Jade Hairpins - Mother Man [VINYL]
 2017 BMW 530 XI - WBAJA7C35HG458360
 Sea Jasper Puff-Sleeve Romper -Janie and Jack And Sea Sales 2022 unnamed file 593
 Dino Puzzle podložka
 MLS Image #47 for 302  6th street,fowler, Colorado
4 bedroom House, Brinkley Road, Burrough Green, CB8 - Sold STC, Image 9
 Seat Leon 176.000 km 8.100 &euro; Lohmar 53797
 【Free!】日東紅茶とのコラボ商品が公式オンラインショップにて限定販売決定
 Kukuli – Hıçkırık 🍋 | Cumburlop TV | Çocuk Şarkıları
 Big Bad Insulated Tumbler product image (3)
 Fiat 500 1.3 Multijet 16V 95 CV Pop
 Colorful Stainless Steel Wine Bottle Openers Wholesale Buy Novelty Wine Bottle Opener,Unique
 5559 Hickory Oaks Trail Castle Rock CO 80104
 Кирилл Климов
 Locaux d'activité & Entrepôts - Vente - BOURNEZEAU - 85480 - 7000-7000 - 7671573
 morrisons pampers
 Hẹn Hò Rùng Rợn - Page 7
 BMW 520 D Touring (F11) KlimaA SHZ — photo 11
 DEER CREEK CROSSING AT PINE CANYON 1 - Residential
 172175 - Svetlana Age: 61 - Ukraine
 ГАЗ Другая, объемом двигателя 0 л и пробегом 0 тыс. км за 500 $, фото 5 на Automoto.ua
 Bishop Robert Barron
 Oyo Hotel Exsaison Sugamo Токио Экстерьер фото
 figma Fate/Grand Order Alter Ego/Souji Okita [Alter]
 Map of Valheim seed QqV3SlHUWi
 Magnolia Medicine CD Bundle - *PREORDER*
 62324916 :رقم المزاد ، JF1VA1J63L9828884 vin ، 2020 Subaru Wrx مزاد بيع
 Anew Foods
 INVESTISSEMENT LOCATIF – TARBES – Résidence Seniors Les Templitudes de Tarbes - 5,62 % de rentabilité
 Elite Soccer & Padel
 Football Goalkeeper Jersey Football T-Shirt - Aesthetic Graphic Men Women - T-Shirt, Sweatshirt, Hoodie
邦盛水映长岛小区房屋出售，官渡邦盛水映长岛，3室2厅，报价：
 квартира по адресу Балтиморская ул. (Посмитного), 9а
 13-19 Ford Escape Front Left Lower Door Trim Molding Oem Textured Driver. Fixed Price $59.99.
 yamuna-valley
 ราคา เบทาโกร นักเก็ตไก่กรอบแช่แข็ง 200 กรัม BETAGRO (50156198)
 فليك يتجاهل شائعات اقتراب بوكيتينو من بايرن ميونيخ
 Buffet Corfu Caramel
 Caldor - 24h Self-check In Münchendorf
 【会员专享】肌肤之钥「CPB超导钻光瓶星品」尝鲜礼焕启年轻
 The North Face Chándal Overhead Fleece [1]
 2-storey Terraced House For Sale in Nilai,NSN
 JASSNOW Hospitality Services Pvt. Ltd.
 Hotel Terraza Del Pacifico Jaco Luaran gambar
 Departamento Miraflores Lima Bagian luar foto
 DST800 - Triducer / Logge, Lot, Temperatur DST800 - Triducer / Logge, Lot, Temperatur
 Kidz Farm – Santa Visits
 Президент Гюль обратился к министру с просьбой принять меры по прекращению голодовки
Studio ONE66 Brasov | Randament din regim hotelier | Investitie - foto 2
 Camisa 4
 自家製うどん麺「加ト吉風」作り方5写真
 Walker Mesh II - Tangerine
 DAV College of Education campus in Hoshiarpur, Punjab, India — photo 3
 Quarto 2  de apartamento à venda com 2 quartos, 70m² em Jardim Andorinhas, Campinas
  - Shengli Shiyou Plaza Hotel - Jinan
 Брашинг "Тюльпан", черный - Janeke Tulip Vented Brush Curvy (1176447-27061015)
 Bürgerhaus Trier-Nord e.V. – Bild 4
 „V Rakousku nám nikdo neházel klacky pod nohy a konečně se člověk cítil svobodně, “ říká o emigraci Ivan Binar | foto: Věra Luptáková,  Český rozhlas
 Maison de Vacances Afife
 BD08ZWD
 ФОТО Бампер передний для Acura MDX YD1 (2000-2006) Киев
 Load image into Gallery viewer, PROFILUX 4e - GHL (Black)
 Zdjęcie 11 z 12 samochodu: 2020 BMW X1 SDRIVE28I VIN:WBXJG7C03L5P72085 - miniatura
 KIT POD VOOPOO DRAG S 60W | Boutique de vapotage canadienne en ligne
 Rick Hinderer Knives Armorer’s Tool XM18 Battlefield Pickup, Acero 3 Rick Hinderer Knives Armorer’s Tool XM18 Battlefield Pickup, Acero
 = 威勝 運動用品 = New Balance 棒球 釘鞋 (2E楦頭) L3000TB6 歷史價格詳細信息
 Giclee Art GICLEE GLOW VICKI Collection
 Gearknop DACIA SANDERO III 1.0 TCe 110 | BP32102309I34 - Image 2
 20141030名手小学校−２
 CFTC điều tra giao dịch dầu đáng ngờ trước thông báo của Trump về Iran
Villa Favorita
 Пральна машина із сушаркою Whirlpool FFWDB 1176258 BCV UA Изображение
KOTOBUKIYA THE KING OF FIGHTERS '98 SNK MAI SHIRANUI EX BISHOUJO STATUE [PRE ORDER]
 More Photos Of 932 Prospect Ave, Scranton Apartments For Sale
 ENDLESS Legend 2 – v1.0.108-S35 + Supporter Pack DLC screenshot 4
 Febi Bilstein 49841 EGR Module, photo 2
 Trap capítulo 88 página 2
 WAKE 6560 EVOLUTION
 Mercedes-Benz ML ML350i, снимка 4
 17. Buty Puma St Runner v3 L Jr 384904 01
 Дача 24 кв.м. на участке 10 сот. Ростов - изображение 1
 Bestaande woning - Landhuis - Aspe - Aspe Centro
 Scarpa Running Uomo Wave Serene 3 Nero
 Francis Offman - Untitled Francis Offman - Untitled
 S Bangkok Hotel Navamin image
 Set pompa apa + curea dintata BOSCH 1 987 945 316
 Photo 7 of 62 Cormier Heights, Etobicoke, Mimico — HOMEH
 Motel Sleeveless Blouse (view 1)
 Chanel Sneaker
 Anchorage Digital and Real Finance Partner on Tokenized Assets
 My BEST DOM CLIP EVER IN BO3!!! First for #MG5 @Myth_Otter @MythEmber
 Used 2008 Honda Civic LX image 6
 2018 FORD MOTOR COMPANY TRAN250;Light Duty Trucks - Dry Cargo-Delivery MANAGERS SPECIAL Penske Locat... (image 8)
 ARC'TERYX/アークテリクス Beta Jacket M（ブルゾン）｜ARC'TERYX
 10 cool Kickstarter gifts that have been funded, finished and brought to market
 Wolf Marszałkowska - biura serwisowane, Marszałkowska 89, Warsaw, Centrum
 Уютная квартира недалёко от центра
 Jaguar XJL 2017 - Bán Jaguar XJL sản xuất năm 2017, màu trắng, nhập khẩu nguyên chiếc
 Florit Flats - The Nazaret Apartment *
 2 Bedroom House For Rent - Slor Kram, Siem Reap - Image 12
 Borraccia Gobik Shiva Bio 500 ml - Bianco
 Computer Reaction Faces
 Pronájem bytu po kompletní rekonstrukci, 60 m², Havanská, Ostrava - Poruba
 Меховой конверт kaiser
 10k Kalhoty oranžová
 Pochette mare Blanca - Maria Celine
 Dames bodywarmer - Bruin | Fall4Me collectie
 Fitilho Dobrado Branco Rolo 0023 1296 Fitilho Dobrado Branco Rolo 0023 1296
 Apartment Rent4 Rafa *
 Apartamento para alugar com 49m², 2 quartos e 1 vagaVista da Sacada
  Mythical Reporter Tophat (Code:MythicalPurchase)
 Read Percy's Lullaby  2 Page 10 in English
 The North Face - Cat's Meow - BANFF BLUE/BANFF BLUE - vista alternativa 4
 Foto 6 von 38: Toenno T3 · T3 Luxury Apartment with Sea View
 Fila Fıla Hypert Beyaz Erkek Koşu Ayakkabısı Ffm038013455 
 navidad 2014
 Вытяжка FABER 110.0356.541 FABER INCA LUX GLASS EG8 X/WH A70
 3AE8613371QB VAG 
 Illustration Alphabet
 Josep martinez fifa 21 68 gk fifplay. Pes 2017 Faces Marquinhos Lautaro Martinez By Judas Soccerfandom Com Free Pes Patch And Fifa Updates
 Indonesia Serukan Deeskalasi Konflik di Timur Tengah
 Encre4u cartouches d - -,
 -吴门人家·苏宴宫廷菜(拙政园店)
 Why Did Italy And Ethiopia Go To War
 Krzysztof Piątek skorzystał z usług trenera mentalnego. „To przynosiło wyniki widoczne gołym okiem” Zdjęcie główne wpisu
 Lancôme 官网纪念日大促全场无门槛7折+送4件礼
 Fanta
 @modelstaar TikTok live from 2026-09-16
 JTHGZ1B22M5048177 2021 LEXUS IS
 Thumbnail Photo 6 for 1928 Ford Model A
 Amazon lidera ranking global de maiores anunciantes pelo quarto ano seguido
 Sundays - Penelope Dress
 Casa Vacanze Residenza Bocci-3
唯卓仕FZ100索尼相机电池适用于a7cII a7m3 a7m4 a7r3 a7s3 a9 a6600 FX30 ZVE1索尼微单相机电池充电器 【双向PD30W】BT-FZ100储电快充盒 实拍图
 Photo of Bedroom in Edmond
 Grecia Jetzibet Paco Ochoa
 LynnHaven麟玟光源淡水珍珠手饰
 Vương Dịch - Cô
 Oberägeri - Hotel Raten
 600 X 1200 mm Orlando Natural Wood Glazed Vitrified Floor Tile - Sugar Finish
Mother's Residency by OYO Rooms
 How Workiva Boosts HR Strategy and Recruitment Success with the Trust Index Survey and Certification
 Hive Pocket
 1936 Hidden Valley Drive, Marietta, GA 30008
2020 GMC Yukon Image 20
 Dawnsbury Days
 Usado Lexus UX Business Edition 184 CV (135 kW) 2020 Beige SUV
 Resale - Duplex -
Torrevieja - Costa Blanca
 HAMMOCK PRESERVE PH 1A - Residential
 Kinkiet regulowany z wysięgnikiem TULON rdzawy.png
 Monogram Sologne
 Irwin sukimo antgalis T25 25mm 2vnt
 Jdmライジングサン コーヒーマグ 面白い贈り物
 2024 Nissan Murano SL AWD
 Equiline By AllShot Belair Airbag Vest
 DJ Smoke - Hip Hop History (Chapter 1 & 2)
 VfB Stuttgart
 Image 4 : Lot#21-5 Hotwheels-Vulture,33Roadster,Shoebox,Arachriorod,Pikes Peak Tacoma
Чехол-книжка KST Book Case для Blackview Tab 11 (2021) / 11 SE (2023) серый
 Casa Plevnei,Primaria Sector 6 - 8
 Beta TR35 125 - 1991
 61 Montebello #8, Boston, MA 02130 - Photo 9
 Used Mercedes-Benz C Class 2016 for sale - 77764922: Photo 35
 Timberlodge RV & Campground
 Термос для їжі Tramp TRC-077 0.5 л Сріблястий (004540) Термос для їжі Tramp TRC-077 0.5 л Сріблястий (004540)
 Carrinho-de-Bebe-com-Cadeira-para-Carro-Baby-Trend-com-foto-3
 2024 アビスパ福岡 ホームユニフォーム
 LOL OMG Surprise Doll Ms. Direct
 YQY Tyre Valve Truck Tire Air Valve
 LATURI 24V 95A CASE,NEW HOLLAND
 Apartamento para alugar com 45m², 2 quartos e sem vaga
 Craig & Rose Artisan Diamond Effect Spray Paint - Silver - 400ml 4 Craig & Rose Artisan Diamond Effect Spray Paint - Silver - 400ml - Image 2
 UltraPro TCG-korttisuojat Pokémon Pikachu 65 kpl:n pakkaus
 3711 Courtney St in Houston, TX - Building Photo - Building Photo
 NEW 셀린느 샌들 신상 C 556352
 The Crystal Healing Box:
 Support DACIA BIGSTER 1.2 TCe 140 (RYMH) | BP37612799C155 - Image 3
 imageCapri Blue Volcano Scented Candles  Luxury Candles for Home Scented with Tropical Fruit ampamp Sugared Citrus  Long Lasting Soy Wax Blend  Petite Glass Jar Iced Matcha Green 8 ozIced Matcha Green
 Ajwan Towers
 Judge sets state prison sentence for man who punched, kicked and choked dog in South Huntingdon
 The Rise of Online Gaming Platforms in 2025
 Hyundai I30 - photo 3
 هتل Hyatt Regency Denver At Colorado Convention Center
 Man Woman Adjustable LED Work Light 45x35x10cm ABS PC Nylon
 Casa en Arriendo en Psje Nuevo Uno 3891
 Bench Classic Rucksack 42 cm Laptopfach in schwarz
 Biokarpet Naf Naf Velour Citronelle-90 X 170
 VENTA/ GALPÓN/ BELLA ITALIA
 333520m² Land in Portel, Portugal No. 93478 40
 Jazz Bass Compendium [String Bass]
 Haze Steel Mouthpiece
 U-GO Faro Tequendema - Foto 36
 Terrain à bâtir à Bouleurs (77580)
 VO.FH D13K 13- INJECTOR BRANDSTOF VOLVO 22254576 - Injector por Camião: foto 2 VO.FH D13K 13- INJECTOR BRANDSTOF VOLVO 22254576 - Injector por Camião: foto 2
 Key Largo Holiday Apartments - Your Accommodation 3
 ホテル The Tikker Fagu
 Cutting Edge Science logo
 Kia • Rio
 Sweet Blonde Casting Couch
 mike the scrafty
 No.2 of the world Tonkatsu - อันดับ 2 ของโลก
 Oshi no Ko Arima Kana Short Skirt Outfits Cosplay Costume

### AIM OF THE TASK
Word for word, restate the data above from its first line down to and including the line with "Кирилл Климов".

### RESPONSE AREA
Jade Hairpins - Mother Man [VINYL]
 2017 BMW 530 XI - WBAJA7C35HG458360
 Sea Jasper Puff-Sleeve Romper -Janie and Jack And Sea Sales 2022 unnamed file 593
 Dino Puzzle podložka
 MLS Image #47 for 302  6th street,fowler, Colorado
4 bedroom House, Brinkley Road, Burrough Green, CB8 - Sold STC, Image 9
 Seat Leon 176.000 km 8.100 &euro; Lohmar 53797
 【Free!】日東紅茶とのコラボ商品が公式オンラインショップにて限定販売決定
 Kukuli – Hıçkırık 🍋 | Cumburlop TV | Çocuk Şarkıları
 Big Bad Insulated Tumbler product image (3)
 Fiat 500 1.3 Multijet 16V 95 CV Pop
 Colorful Stainless Steel Wine Bottle Openers Wholesale Buy Novelty Wine Bottle Opener,Unique
 5559 Hickory Oaks Trail Castle Rock CO 80104
 Кирилл Климов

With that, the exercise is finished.